● **Task directions**
Look through the records below for the line with "The North Face". Return that line and each one after it up to and including the line with "Christmas Dwarf Window", exactly.

● **Collected data**
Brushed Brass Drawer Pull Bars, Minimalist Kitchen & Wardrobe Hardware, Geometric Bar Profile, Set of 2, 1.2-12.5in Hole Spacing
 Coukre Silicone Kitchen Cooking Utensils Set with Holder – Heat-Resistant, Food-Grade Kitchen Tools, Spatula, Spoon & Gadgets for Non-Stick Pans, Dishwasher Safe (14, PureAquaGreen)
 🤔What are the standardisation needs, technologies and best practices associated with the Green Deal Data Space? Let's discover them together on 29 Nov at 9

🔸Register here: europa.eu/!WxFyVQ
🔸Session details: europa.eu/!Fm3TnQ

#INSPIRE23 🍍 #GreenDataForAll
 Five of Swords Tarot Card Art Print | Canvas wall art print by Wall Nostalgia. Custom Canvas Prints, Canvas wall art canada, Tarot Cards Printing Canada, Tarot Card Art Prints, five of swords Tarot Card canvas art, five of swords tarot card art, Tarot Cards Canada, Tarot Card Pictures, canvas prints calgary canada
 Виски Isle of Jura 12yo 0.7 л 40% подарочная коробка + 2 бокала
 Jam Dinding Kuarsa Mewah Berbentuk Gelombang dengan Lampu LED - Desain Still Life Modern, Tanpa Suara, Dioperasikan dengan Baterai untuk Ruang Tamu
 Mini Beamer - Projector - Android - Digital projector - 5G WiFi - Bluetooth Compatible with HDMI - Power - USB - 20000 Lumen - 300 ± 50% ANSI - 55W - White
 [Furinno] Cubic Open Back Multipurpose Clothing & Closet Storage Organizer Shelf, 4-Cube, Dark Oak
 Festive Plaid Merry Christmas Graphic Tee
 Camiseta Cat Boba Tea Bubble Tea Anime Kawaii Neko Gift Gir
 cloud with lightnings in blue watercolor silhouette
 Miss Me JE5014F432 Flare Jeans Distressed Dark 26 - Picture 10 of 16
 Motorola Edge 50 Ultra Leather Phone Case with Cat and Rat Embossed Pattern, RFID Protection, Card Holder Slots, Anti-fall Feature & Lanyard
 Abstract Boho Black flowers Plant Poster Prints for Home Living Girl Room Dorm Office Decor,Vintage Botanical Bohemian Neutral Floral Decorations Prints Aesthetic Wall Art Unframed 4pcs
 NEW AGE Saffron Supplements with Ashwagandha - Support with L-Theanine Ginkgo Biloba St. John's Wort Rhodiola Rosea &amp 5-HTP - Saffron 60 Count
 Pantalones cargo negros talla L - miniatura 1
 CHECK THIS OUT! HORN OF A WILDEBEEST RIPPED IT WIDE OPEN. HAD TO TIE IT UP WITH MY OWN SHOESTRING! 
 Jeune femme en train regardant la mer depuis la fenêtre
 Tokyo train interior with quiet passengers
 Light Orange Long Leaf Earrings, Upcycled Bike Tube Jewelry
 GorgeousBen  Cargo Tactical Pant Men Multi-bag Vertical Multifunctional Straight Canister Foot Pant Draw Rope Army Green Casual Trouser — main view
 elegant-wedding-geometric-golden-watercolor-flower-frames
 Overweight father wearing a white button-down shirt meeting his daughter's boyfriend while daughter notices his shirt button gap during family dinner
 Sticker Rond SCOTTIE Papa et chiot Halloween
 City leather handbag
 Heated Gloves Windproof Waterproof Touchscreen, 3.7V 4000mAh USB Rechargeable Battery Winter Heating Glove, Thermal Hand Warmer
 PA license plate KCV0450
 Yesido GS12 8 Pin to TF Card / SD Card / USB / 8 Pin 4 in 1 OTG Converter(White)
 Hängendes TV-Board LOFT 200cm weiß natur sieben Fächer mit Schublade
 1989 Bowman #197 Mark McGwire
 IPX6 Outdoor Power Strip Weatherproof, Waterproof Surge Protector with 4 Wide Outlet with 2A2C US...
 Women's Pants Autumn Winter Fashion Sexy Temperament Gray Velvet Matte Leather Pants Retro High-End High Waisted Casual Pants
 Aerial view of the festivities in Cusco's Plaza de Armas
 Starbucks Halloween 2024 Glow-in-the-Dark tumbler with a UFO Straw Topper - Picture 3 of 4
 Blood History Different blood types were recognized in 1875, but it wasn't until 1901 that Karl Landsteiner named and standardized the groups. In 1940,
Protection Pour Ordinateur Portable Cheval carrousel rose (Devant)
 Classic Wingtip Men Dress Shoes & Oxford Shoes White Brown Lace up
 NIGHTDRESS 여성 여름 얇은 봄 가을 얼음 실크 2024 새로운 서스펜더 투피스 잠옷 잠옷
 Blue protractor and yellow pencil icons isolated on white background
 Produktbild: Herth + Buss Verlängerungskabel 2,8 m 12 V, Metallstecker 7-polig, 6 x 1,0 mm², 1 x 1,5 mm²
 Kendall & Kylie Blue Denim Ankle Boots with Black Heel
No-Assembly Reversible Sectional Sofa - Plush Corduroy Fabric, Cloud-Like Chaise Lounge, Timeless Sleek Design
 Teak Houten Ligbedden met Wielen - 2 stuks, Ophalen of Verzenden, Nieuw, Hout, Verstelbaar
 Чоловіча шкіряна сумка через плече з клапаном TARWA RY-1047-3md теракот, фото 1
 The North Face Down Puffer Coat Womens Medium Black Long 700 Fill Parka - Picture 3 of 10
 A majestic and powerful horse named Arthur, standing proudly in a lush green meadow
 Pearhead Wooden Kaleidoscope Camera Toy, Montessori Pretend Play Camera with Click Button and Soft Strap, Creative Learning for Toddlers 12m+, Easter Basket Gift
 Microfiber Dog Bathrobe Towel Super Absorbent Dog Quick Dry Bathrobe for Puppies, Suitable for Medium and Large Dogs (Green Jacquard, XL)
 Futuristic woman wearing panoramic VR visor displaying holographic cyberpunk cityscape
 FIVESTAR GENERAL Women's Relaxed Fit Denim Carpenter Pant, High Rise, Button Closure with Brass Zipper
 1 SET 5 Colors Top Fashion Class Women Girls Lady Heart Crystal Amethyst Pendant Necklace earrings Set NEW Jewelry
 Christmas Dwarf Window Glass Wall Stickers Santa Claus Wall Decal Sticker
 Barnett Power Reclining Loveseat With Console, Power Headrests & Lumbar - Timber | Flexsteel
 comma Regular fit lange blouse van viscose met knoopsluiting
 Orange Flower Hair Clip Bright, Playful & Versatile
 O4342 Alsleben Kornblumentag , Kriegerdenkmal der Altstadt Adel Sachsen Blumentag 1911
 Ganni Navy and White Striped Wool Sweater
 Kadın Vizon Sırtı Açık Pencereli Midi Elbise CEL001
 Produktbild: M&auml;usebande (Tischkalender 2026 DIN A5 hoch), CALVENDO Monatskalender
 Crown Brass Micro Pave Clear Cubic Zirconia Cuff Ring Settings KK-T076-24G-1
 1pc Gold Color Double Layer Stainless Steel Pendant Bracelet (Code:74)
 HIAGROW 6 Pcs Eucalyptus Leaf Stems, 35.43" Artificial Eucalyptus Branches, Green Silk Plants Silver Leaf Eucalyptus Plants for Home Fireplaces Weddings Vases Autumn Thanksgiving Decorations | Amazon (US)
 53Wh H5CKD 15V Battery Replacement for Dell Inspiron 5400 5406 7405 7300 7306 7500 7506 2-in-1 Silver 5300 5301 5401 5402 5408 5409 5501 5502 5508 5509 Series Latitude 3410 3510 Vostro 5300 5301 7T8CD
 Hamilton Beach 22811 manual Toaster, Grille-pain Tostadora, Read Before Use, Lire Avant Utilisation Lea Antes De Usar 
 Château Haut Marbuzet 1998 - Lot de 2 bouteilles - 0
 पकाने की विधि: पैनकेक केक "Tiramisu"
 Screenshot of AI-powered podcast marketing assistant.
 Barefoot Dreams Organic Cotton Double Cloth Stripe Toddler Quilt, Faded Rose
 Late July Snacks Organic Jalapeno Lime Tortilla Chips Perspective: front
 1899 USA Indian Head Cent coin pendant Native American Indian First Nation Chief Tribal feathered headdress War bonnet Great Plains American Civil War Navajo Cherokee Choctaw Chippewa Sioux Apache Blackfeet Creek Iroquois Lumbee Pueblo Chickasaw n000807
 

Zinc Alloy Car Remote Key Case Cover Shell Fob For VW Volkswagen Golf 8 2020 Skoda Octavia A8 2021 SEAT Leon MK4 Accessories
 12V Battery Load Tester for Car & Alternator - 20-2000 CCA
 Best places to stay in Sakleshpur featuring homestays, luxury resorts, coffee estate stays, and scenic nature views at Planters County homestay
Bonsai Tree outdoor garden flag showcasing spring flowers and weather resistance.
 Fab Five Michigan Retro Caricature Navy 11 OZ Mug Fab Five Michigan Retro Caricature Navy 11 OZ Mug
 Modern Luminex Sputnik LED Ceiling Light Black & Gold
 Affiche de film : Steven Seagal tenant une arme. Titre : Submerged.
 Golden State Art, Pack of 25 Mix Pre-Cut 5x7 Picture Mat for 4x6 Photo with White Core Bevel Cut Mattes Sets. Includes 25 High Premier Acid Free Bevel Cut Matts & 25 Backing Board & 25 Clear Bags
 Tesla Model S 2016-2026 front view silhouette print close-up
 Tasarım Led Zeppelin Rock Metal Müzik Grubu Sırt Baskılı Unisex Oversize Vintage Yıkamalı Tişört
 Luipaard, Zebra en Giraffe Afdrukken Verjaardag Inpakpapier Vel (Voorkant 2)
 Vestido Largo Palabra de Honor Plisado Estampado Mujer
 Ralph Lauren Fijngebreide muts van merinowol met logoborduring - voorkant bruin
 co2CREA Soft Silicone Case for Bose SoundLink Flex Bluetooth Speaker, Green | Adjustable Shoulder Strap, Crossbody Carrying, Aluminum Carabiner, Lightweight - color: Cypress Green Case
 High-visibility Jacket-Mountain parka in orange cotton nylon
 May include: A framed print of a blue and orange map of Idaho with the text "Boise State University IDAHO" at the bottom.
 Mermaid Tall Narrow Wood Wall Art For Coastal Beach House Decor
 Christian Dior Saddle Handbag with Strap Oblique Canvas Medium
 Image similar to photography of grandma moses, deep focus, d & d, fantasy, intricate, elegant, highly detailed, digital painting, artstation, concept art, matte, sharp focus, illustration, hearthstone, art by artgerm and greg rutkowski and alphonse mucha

● **Answer for the task**
 The North Face Down Puffer Coat Womens Medium Black Long 700 Fill Parka - Picture 3 of 10
 A majestic and powerful horse named Arthur, standing proudly in a lush green meadow
 Pearhead Wooden Kaleidoscope Camera Toy, Montessori Pretend Play Camera with Click Button and Soft Strap, Creative Learning for Toddlers 12m+, Easter Basket Gift
 Microfiber Dog Bathrobe Towel Super Absorbent Dog Quick Dry Bathrobe for Puppies, Suitable for Medium and Large Dogs (Green Jacquard, XL)
 Futuristic woman wearing panoramic VR visor displaying holographic cyberpunk cityscape
 FIVESTAR GENERAL Women's Relaxed Fit Denim Carpenter Pant, High Rise, Button Closure with Brass Zipper
 1 SET 5 Colors Top Fashion Class Women Girls Lady Heart Crystal Amethyst Pendant Necklace earrings Set NEW Jewelry
 Christmas Dwarf Window Glass Wall Stickers Santa Claus Wall Decal Sticker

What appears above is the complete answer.